Auf dem nahe der Innenstadt gelegenen Platz am Geroweiher war der Circus aufgebaut und vom unmittelbar daneben auf einem Hügel gelegenen Mönchengladbacher Münster St. Vitus hatte man einen hervorragenden Panoramablick über den ganzen Circus. Das bestens bekannte Arrangement der nostalgischen Frontwagen, Nostalgiezaun, Kassen- und Bürowagen sowie der einzigartigen Wurstbräterei bestimmt in Verbindung mit dem kunstvoll gestalteten Giebel des Vorzeltes die prachtvolle Front des Circus. Das „Café des Artistes“ hat mit dem angegliederten Biergarten seinen Platz neben dem Vorzelt.
Hoch ragen die runden Stahlmasten des Chapiteau über die runde Kuppel empor und zahlreiche Lichterketten und die Leuchtschrift des Namenszuges transportieren den Zauber des Circus. Hinter dem Grand Chapiteau stehen die zahlreichen Circuswagen, die Wohnwagen und Campings der Artisten und Mitarbeiter dicht an dicht in exakten Reihen aufgefahren und der Stall für die Pferde von Karl Trunk hat seinen Platz auch hier gefunden.

Mit dem Pfiff aus einer Trillerpfeife – dem Startsignal zum Einlass – erwacht der Zauber Roncallis zum Leben. Die Besucher drängen durch die Sperre und Portiers in traditioneller Livree entwerten die Karten und die Gäste bekommen rote Nasenspitzen und Herzchen auf die Wange gemalt. Die Band unterhält im Vorzelt mit Dixieland-Sound und Artisten und Jongleure geben erste Kostproben ihres Könnens.
Das Innere des Chapiteau zeigt sich unverändert. Edle weiß-rote Logen, mit aufwändigem goldenem Schnitzwerk verziert,  ein Bankgradin und dekorative Balkonlogen füllen den Raum.
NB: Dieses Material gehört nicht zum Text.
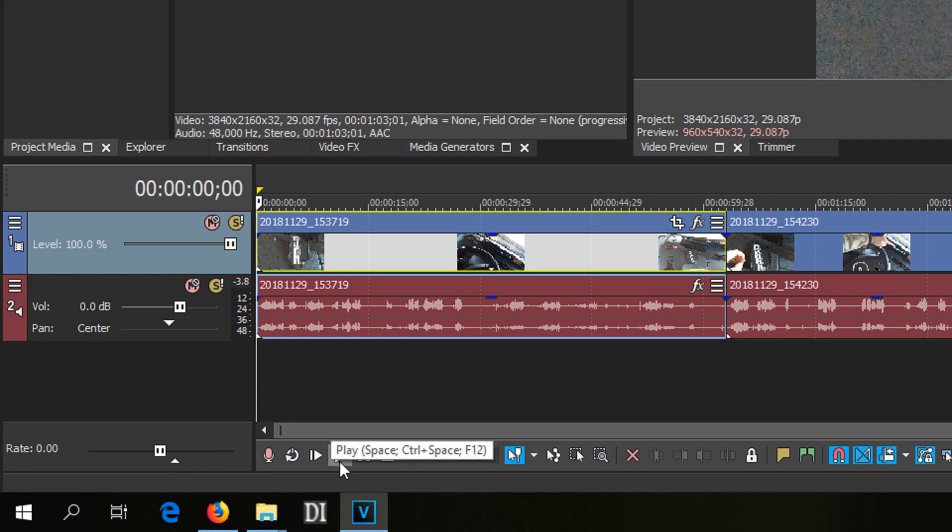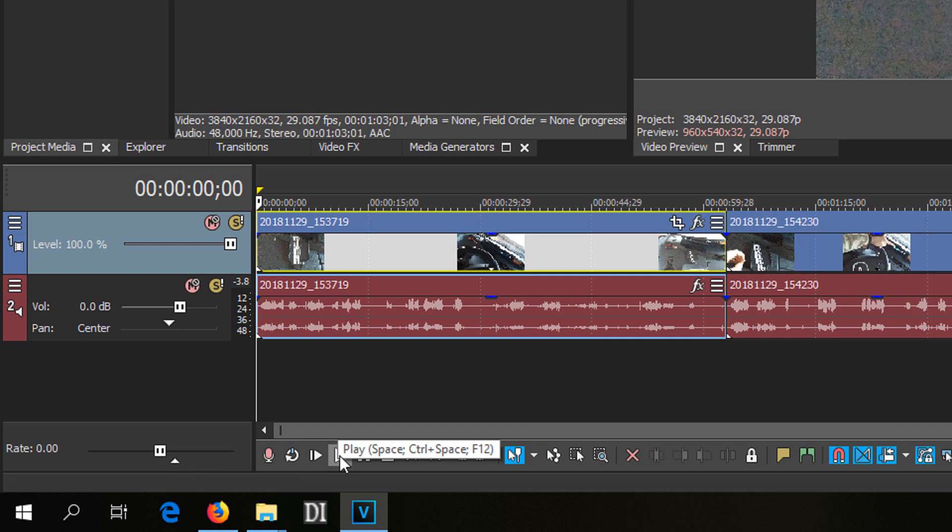Now whenever you play the video, this one from 0x speed it will jump there and the sound will be nice.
Der reich verzierte Artisteneingang beherrscht den hinteren Teil des Zeltes.
Während des Einlasses schwebt ein aufwändig gearbeitetes Mobile über der Manege. Auf seinen permanent kreisenden Leinwänden erzählen die von Beamern eingespielten Fotos Roncallis vierzigjährige Geschichte.

Die zweite Auflage der Jubiläums-Show weitgehend unverändert belassen. Cyr-Rad Künstler  Ai'Moko ist nicht mehr mit von der Partie. Mehr Veränderungen gibt es in der Riege der Clowns und Komiker aus. Anatoli Akermann, Ramon Hoopmann und Devlin Bogino sind nun nicht mehr mit dabei; dafür kehrte Edouard Neumann nach zwei Jahren Abwesenheit in die Roncalli Manege zurück und der junge Mexikaner
Marco Antonio Vega komplettiert als Clown „Chisterrin“ die Riege der Spaßmacher.
Die Abfolge der Darbietungen wurde teils neu arrangiert und mehrfach folgen nun die Auftritte der verschiedenen Komiker unmittelbar aufeinander. Die musikalische Begleitung der Show wurde größtenteils verändert und erfolgt leider sehr oft von CD. Insgesamt wurde der treibende rockige Sound des Vorjahrs stark in Richtung Geigenklänge und eher getragen daherkommenden Melodien verändert.
Weißclown Gensi übernimmt die Begrüßung des Publikums und mit einem rasanten Charivari beginnt die Show. Sieben ArtistenInnen der Truppe Bingo agieren an Strapaten, Vertikaltuch und Luftring. Sie zeigen ihre Tricks im Wechsel  mit Lili Paul und Jemaile Martinez, die Ausschnitte aus der ehemaligen Rollschuh-Nummer der „Les Paul“ arbeiten.
Nach dem tempogeladenen Auftakt verläuft der erste Programmteil anschließend in ruhigeren Bahnen.
Vivi Paul, jüngster Spross der Familie, präsentiert anmutig und spielerisch eine stimmige Kür am Luftring. In einem poetisch inspirierten Auftritt erfolgen gekonnt eine Reihe attraktiver Tricks des Genres.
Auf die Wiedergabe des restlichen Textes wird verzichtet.